1« La justice et la vérité sont deux pointes si subtiles, que nos instruments sont trop mousses pour y toucher exactement. » La formule est de Pascal1, dont le pessimisme habituel pourrait sembler ici bien modéré, pour une fois : l’imperfection de l’homme ne le condamnerait pas à l’erreur, mais – simplement – à l’inexactitude ; c’est sans doute beaucoup déjà, mais il n’y aurait tout de même pas matière à désespérer. Sauf que Pascal – ce serait mal le connaître – poursuit en ces termes : « S’ils y arrivent, ils en écachent la pointe, et appuient tout autour plus sur le faux que sur le vrai. » Décidément, il n’y a de vérité certaine que dans Dieu et par Dieu.

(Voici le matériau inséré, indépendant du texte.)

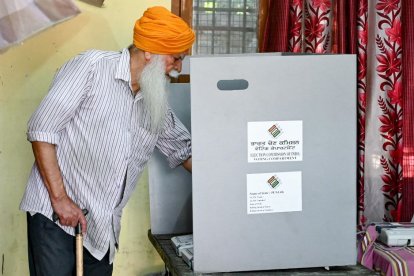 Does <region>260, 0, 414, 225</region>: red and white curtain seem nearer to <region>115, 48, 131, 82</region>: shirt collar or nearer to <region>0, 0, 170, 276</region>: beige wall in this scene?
<region>0, 0, 170, 276</region>: beige wall

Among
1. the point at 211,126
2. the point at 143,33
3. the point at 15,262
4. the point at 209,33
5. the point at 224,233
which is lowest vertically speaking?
the point at 15,262

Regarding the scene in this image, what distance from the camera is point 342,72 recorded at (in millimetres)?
1188

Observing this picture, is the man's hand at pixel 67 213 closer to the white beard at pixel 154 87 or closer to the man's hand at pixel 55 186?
the man's hand at pixel 55 186

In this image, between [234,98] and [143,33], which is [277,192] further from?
[143,33]

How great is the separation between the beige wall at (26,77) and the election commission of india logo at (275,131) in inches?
39.7

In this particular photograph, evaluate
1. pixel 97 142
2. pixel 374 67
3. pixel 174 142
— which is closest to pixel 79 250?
pixel 97 142

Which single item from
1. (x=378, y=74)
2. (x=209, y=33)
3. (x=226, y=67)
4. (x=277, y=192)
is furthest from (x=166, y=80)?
(x=378, y=74)

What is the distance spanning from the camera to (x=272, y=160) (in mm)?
1158

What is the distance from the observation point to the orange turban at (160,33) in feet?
4.67

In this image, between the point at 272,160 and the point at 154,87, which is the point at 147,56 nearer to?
the point at 154,87

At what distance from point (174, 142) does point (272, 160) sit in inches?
20.1

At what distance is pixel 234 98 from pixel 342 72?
0.24m

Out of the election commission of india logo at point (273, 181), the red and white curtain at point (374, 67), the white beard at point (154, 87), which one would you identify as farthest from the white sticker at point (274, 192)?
the red and white curtain at point (374, 67)

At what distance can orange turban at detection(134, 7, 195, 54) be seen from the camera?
142 centimetres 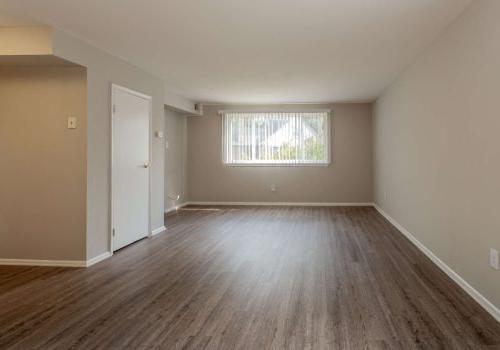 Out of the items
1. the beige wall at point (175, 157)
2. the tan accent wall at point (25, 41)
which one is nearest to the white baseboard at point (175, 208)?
the beige wall at point (175, 157)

  • 2 Voir C. Leveleux-Teixeira, « Droit et vérité. Le point de vue de la doctrine médiévale (xiie-xve si (...)

2Les hommes pourtant ont à faire parfois – c’est une nécessité sociale – œuvre de justice et de vérité, et les juristes médiévaux, à côté de la Veritas ipse Deus, ont établi la possibilité d’une veritas humana, sans laquelle en effet le droit et l’exercice de la justice n’auraient guère de sens. Au Moyen Âge, comme avant dans le monde romain, et depuis jusqu’à nos jours, l’exercice de la justice ne peut faire l’économie de la question de la vérité – question qui apparaît d’une particulière complexité pour la période allant du xiie au xve siècle, à partir du renouveau du droit romain et de l’émergence du droit canonique, c’est-à-dire au cours d’une période où s’écrit une doctrine juridique qui n’existait pas auparavant, et qui pose la question de la vérité relativement à d’autres, et d’abord à celle de la certitude, cette dernière apparaissant peut-être plus consubstantielle au droit et à la pratique judiciaire que la vérité même, alors que la justice est justement, et profondément, sentie comme une manifestation de la vérité2.

  • 3 M. Foucault, « La vérité et les formes juridiques », Dits et écrits, Paris, Gallimard, 2004, vol. 1 (...)

3Si la question du droit et de la vérité intéresse naturellement le juriste et l’historien du droit, elle peut aussi intéresser le philosophe. Michel Foucault a ainsi consacré une partie de ses travaux à une histoire des modes de production de la vérité, lesquels se manifestent exemplairement dans les pratiques juridiques et judiciaires ; en effet, les « régimes de véridiction », selon sa formule, varient ou évoluent avec le temps dans le cadre d’une interaction sociale et culturelle qui fait entrer, entre autres éléments certes mais avec une place de choix, le droit et l’exercice de la justice, ces derniers pouvant être des lieux, soit de production, soit de réception, des dits régimes de véridiction (l’épreuve, l’enquête, l’aveu)3. Dans une telle perspective, la vérité apparaît moins une réalité en soi, indépendante et objectivement constituée, qu’un produit et le résultat de procédures réglées ou normées qu’il convient d’inscrire dans une problématique plus vaste, celle du pouvoir et du savoir.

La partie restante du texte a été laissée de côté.